14 July 2011
David Jenkins / Time Out London
Honey
Like countryman and fellow director Nuri Bilge Ceylan, Semih Kaplanoglu possesses a keen eye for ravishing pictorial beauty, especially when it comes to locating a quiet majesty in the Turkish lansdscape that somehow evokes and distils a sense of unease. ‘Honey’ is his latest work, a precise and psychologically involving Oedipal drama that makes up the final chapter of his so-called ‘Yusef Trilogy’ – preceded by ‘Egg’ (2007) and ‘Milk’ (2008) – which reels off salient episodes from the life of the eponymous Yusef, but told in reverse chronology.
So where in ‘Egg’ we saw Yusef as a middle-aged poet, here he’s a stuttering child struggling to forge a meaningful relationship with his taciturn father. Living in a hillside shack, the world-weary patriarch risks life and limb for his family by climbing trees to harvest wild honey, while the pint-sized Yusef (Bora Altas, whose near-silent performance offers a sublime encapsulation of innocence and longing) is thrown into a frenzy when his father fails to return from one particularly treacherous foraging trip.
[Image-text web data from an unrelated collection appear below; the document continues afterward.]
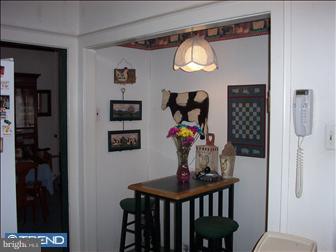 35 Princeton Road Audubon, NJ 08106 - Photo 6 of 6 a view of a hallway stairs and dining room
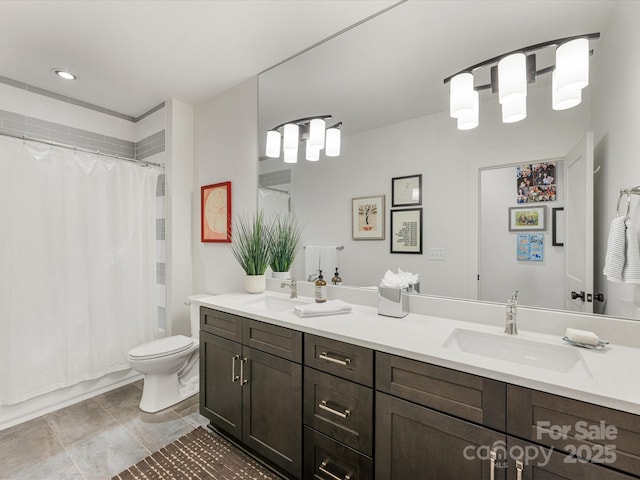 bathroom featuring shower / tub combo, toilet, a sink, and double vanity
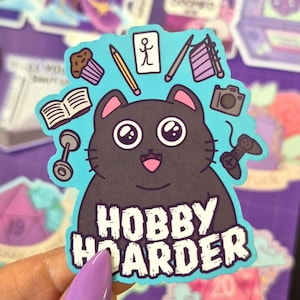 Könnte beinhalten: Ein Aufkleber mit einer Cartoon-Katze und dem Text "HOBBY HOARDER". Die Katze ist von Illustrationen von Hobbys wie einem Cupcake, einer Kamera, einer Hantel und einem Gamecontroller umgeben. Der Aufkleber hat einen blauen Hintergrund.
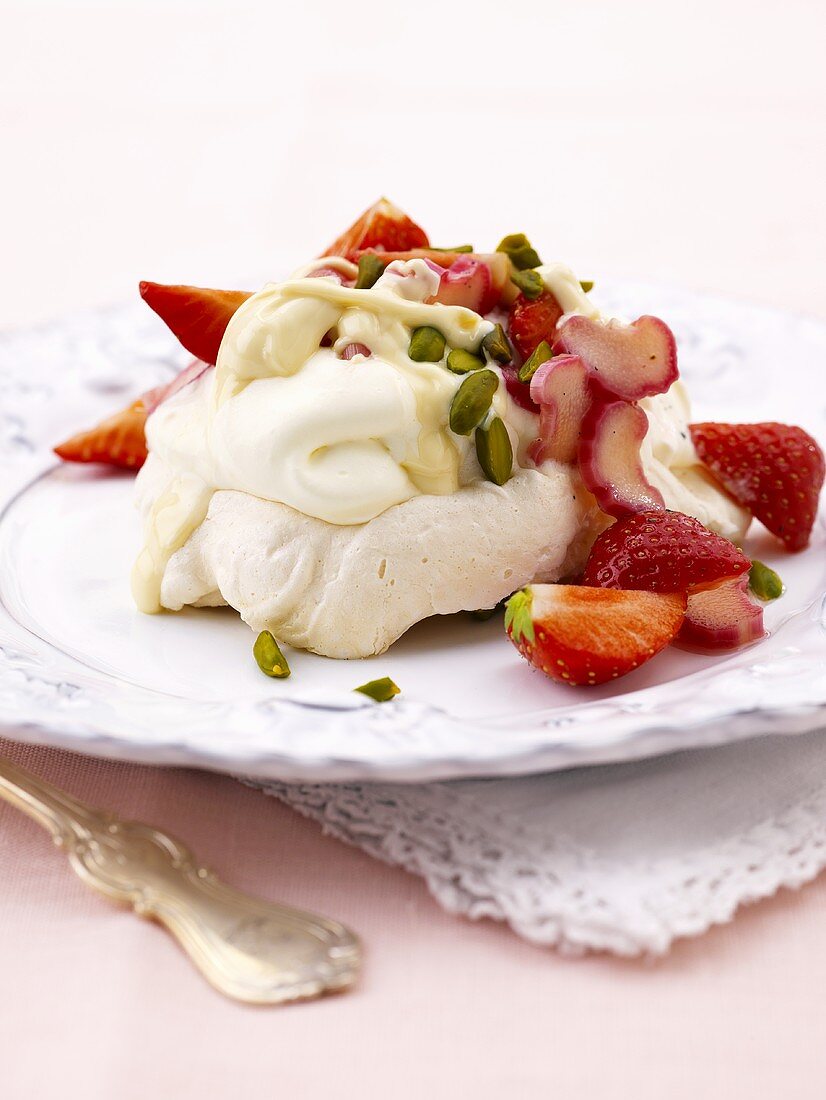 Meringue with whipped cream, strawberries, rhubarb and chocolate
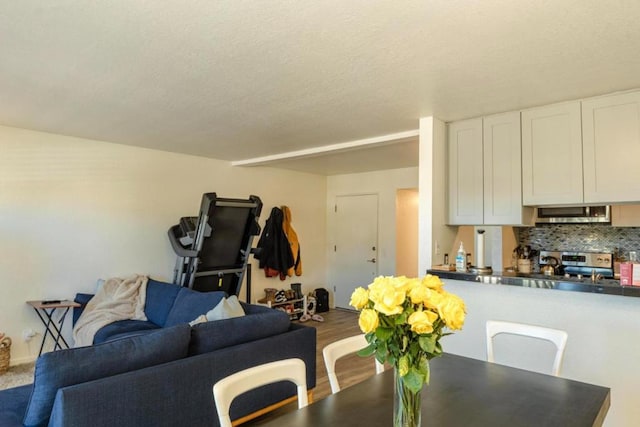 dining room with hardwood / wood-style flooring and a textured ceiling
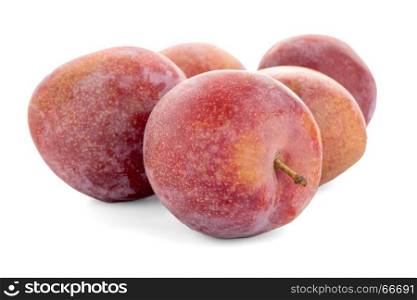 Side view of red ripe plums fruits isolated on white background
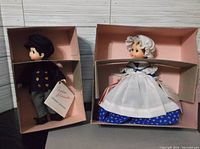 Two boxed Madame Alexander dolls, Betsy Ross and Laurie Little Men, shown with tags and original packaging.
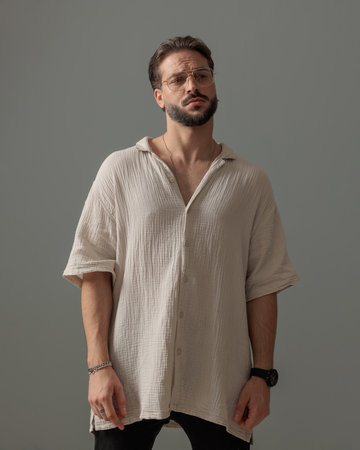 sexy bearded man with glasses looking away and posing in a fashion way in front of grey background in studioの写真素材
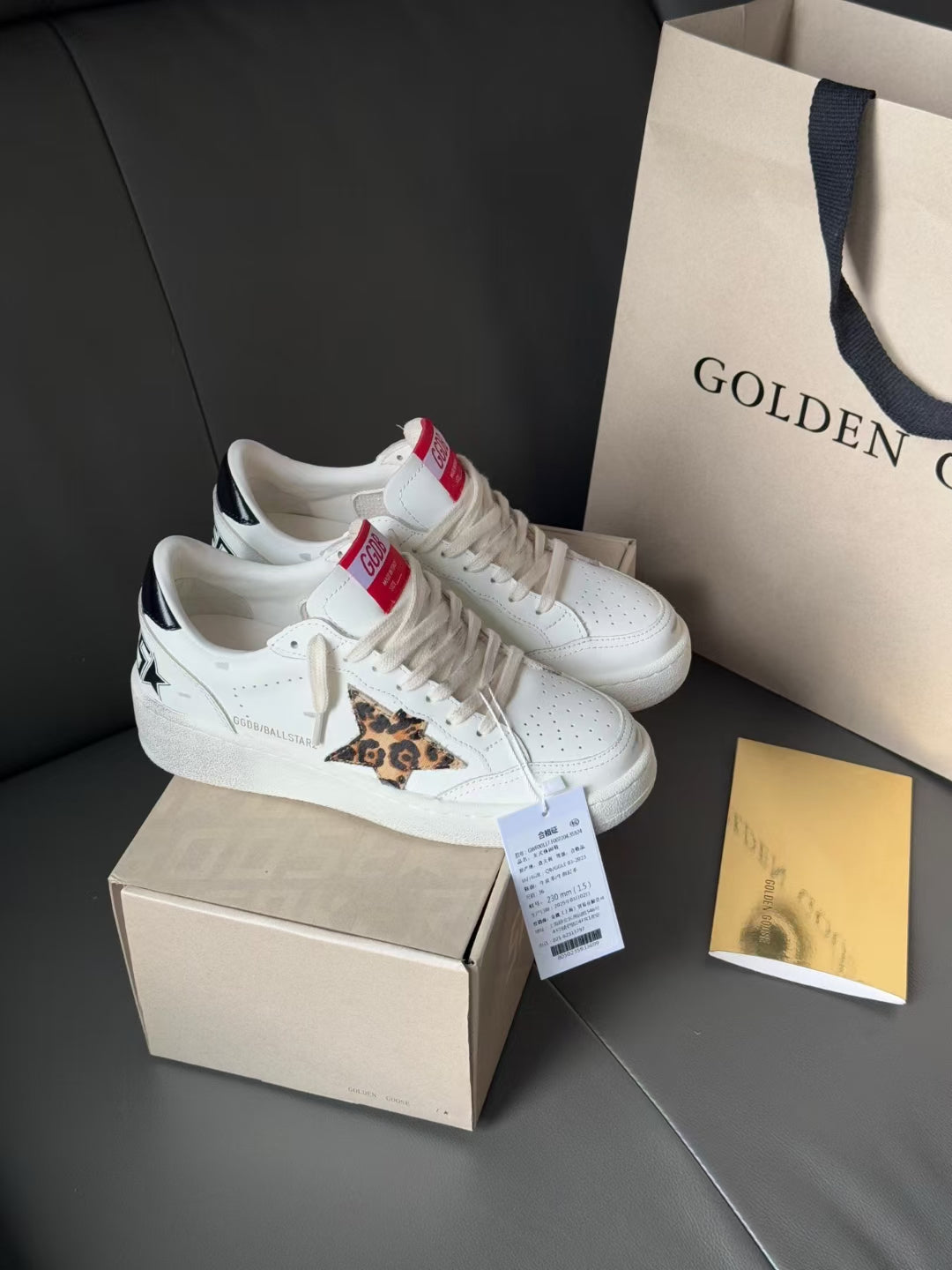 White leather sneakers with leopard patch and lace-up closure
Filming in long, meticulously sculpted takes, Kaplanoglu is especially good at emphasising elements within the frame with inventive use of focus and the positioning of the camera. Whether filmed in a bustling classroom or wandering along across a rocky verge, Yusef always feels removed from the world, an observer rather than a participant in life’s miniature dramas. One of the themes of this gorgeous film is man’s precarious dependence on nature, but it also explores how behavioural nuances vary in the presence of fathers and mothers and how – as distressing as it may be – tragedy can give birth to artistic maturity. A deserving winner of the Golden Bear at the 2010 Berlin Film Festival.